Be kind and compassionate to one another. – Ephesians 4:31 (NIV)

When I was stopped behind a car waiting to make a left turn on a busy road last week, I was a bit antsy, especially since there was no left-turn lane. Left-hand turns, as you know, can be dangerous.

I was headed north—a tad late for my appointment—and there was no break in the steady southbound traffic. Time to practice that patience I talked about last week, huh?

Imagine my delight and surprise when a southbound vehicle stopped and gestured for the car in front of me to make the left turn. The driver didn’t have to do that—he had the right-of-way. It didn’t take but a few seconds and traffic was moving again.

Kindness is still alive and well in the world today despite the macabre headlines we read daily.

In the Old Testament, we read about a young widow, Ruth, who refused to leave her mother-in-law, Naomi, also a widow. Naomi and her family had moved from Israel to the land of Moab—not a country friendly to the Jews—during a time of severe famine. During their extended stay, both sons married Moabite women. Then Naomi’s husband died. Then both her sons.

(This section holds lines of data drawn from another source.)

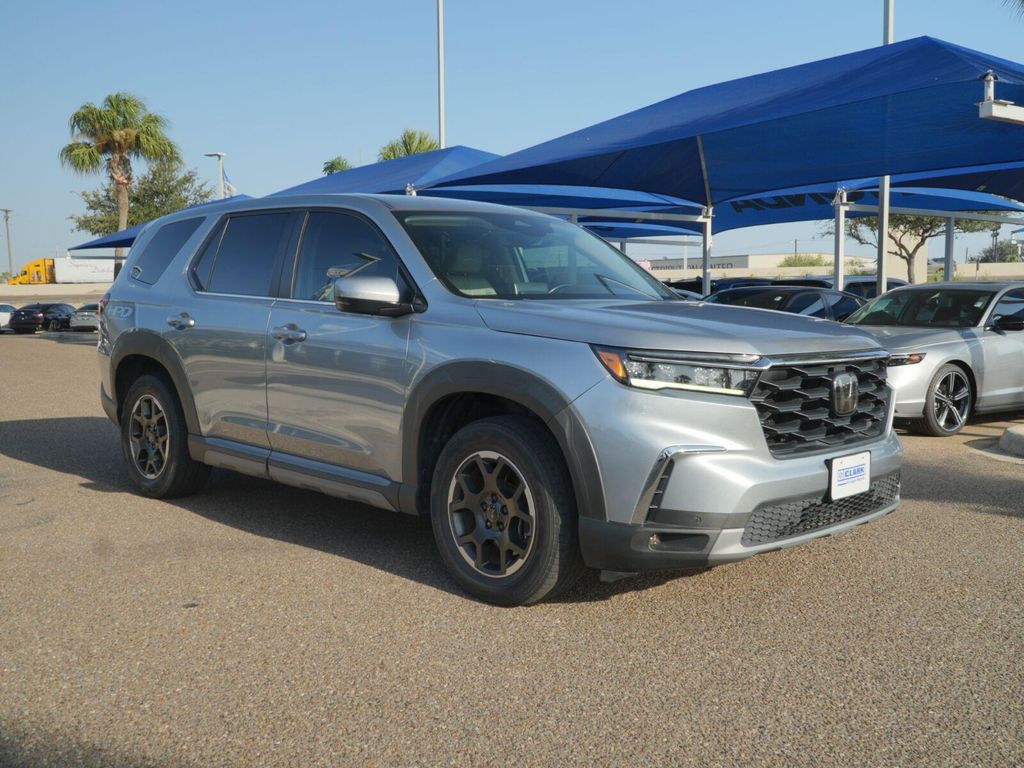 صورة 3 لـ 2023 Honda PILOT 2WD EX-L 8 PASSENGER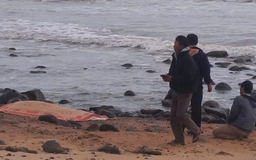 Quảng Trị: Tìm thấy thi thể ngư dân bị sóng đánh mất tích trên biển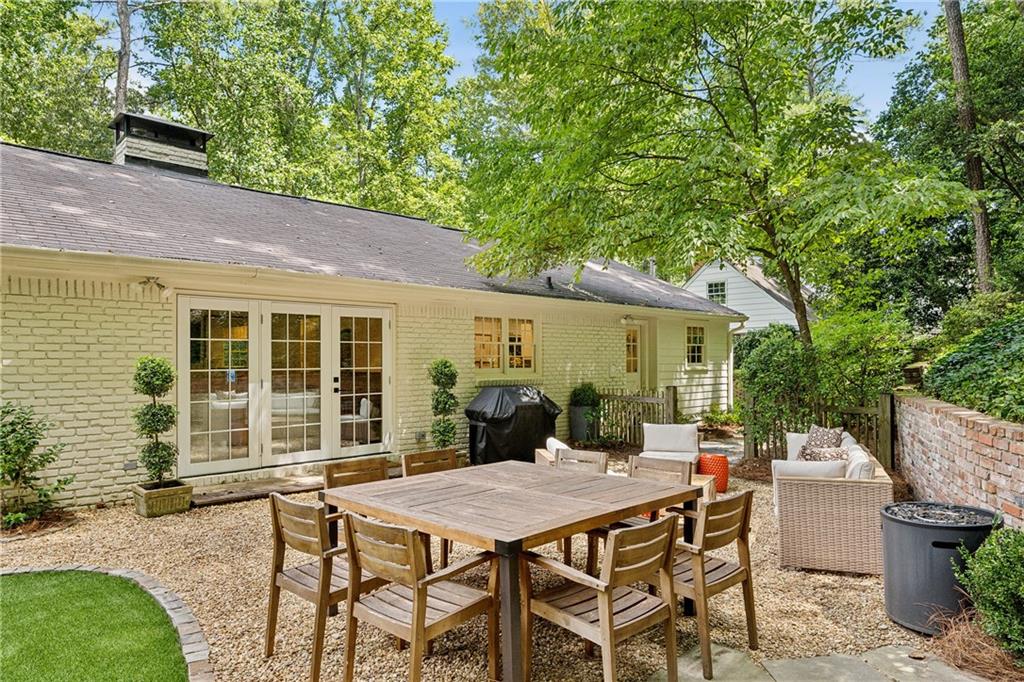 2781 Mornington Drive NW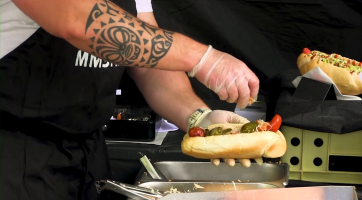 Festival vína a jídla v Bzenci nabídl i stavění máje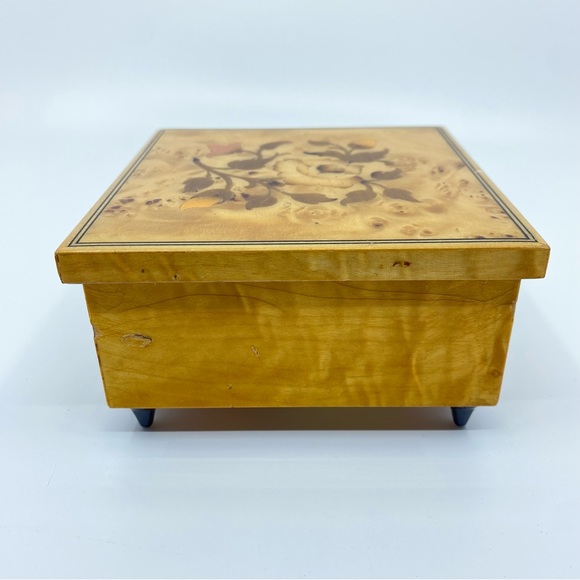 Beautiful Italian Burl Wood Floral Inlay House Of Goebel Strangers In The Night - Picture 3 of 16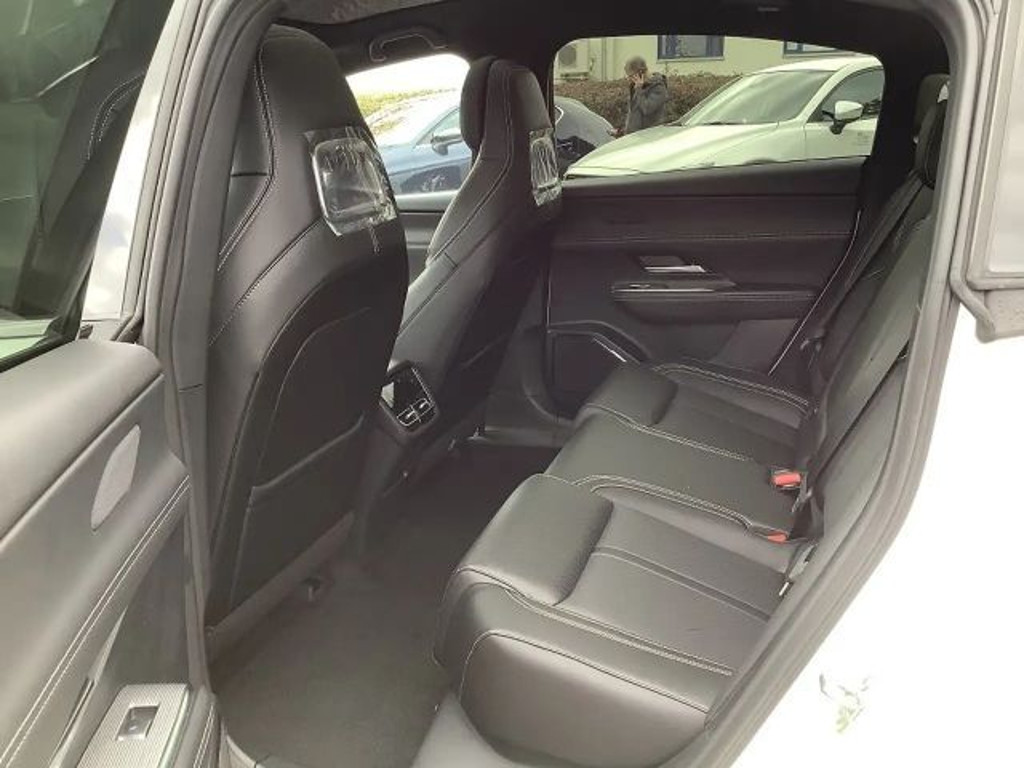 Mazda 6e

Now, in those times, there wasn’t anyone more helpless than a widow. Girls were raised to become wives and mothers, so when they were widowed, they had to depend on relatives to support them.

Problem: Naomi was in a foreign land, far from relatives who could help her. So she decided to go back home. Her two Moabite daughters-in-law would go with her. But partway on the journey, Naomi told them to go back. She knew they’d have no future in Israel. One daughter-in-law turned back, but Ruth refused.

“Don’t urge me to leave you or to turn back from you,” she said. “Where you go I will go, and where you stay I will stay. Your people will be my people and your God will be my God. Where you die I will die, and there I will be buried. May the LORD deal with me, be it ever so severely, if anything but death separates you and me” (Ruth 1:16–17).

What kindness!

Later on in the story, we read how Boaz, a relative of Naomi, showed kindness to Ruth because of her kindness to Naomi. To make a long story short, Boaz married Ruth, and the result of that union was a baby boy named Obed, who became the father of Jesse, who became the father of David, from whose line the Messiah came.

Ruth had no idea what the extraordinary result of her kindness would be.

In Luke 16, Jesus tells the story of a man who had opportunity daily to show kindness to a sore-covered beggar at his gate. But he didn’t. And he reaped the fruit of his unkindness.

What about you? Will you be like the rich man in Jesus’ parable, who was blind to the opportunity to show kindness? Or Ruth, whose kindness rippled through time and continues to bless us today?

Open my eyes, Lord, to the many opportunities I have each day to show kindness to others. Amen.

Extra tea: Read and meditate on Ruth 2 and Luke 16:19–31. I encourage you to read the entire book of Ruth. It’s not long (only 4 chapters), but it’s a beautiful, heartwarming story.